Aim of the exercise:
Return the lines below exactly, please, from the one containing "2x430 CRISIS 3sh" through the last one, both included, and leave out any pictures.
+++++
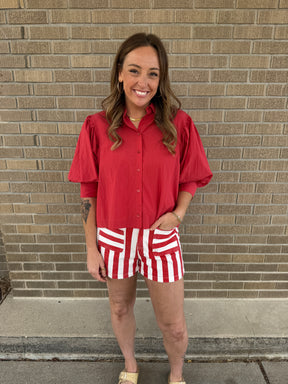Red and White Stripe Shorts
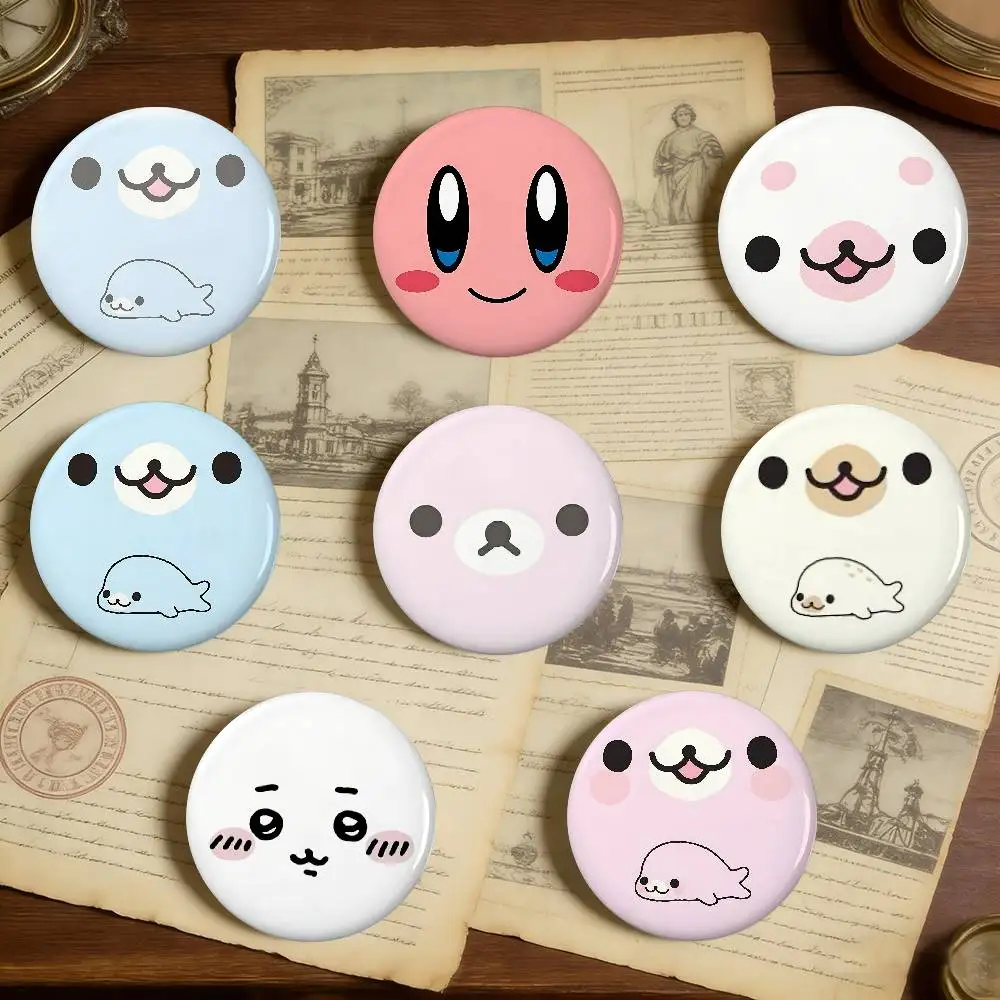 Badges Mignons Kawaii Badges Peripheral Lapel Pins Tinplate Round Brooch For Shoulder Bag Accessories Souvenir Gifts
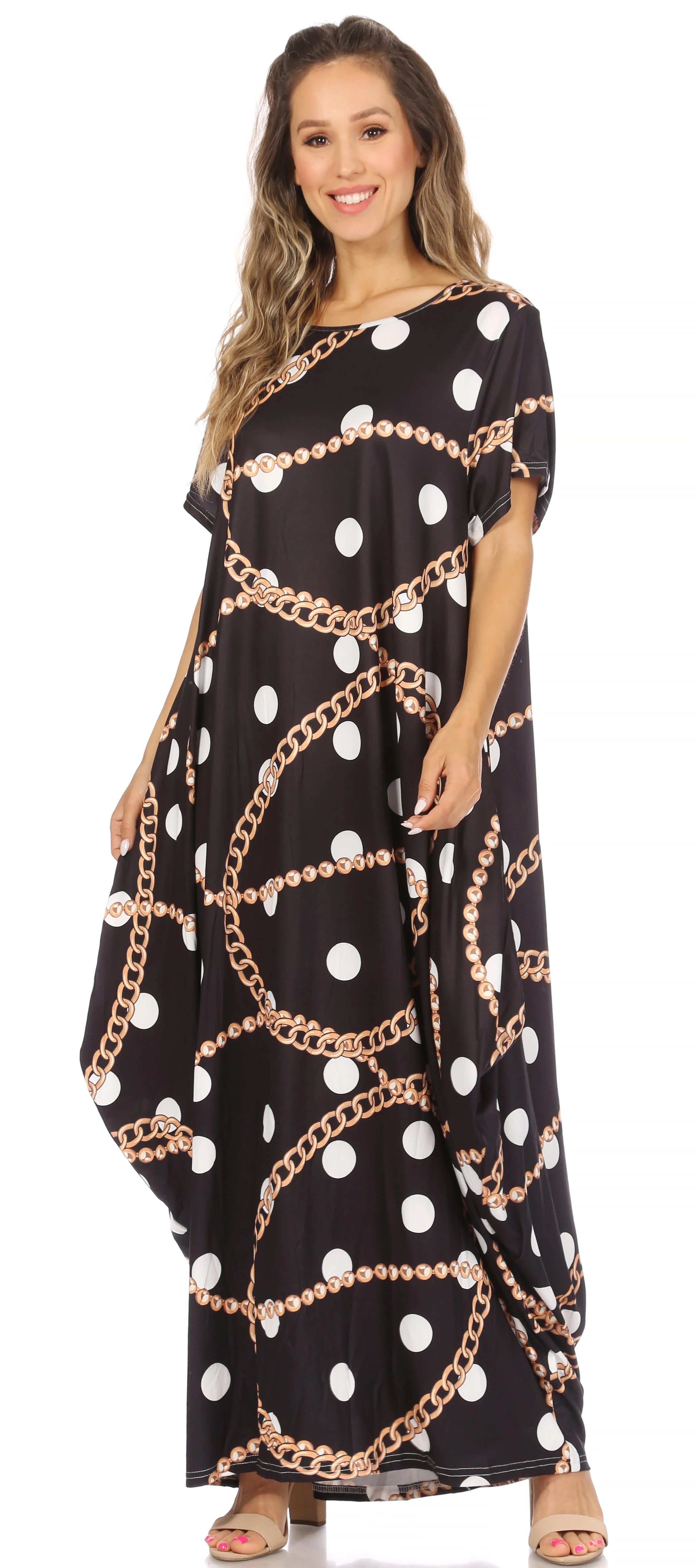 Sakkas Abeni Women's Short Sleeve Casual Print Long Maxi Cover-up Caftan Dress - Image 15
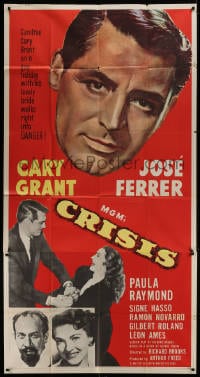 2x430 CRISIS 3sh 1950 great huge headshot artwork of Cary Grant, plus Paula Raymond & Jose Ferrer!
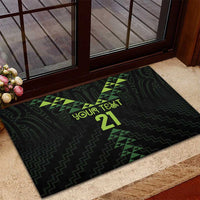 Custom New Zealand Maori Koru Koiri Motif Rubber Doormat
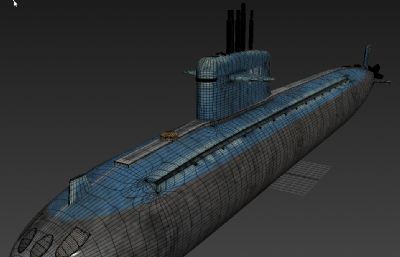 中国091型核潜艇OBJ模型高模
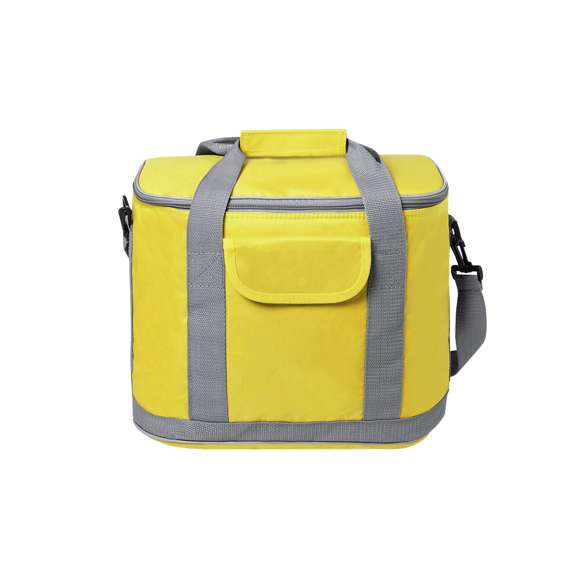  	Nevera todoterreno en resistente poliéster 420D, con compartimento principal de cierre de cremallera y bolsillo en parte frontal con cierre de velcro. Interior isotermo en PEVA, con cinta para hombro ajustable y mosquetón de enganche. Resistencia hasta 8kg de peso.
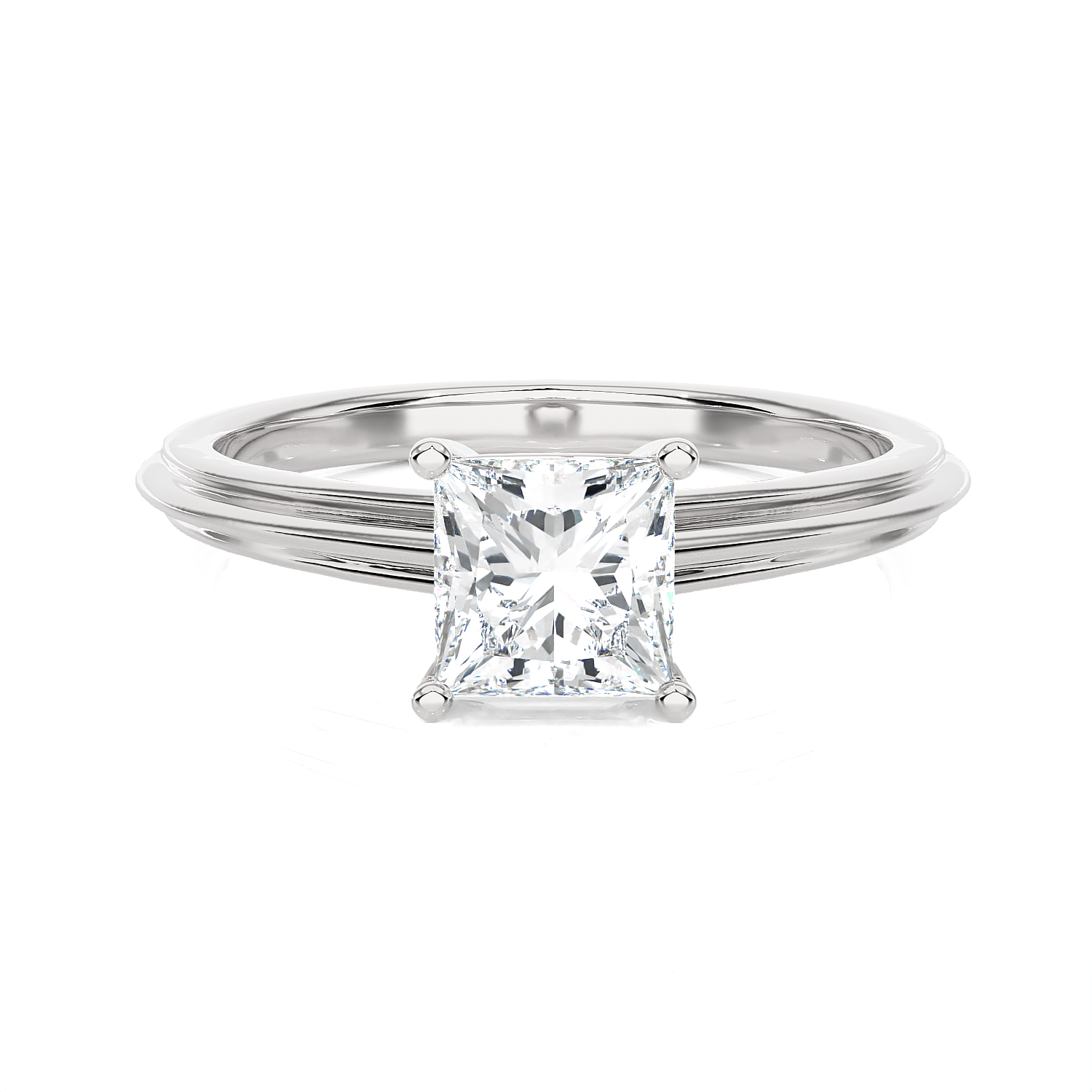 1 ctw Princess-Cut Lab Grown Diamond Solitaire Engagement Ring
+++++
Solved problem:
 2x430 CRISIS 3sh 1950 great huge headshot artwork of Cary Grant, plus Paula Raymond & Jose Ferrer!
 Custom New Zealand Maori Koru Koiri Motif Rubber Doormat
 中国091型核潜艇OBJ模型高模
  	Nevera todoterreno en resistente poliéster 420D, con compartimento principal de cierre de cremallera y bolsillo en parte frontal con cierre de velcro. Interior isotermo en PEVA, con cinta para hombro ajustable y mosquetón de enganche. Resistencia hasta 8kg de peso.
 1 ctw Princess-Cut Lab Grown Diamond Solitaire Engagement Ring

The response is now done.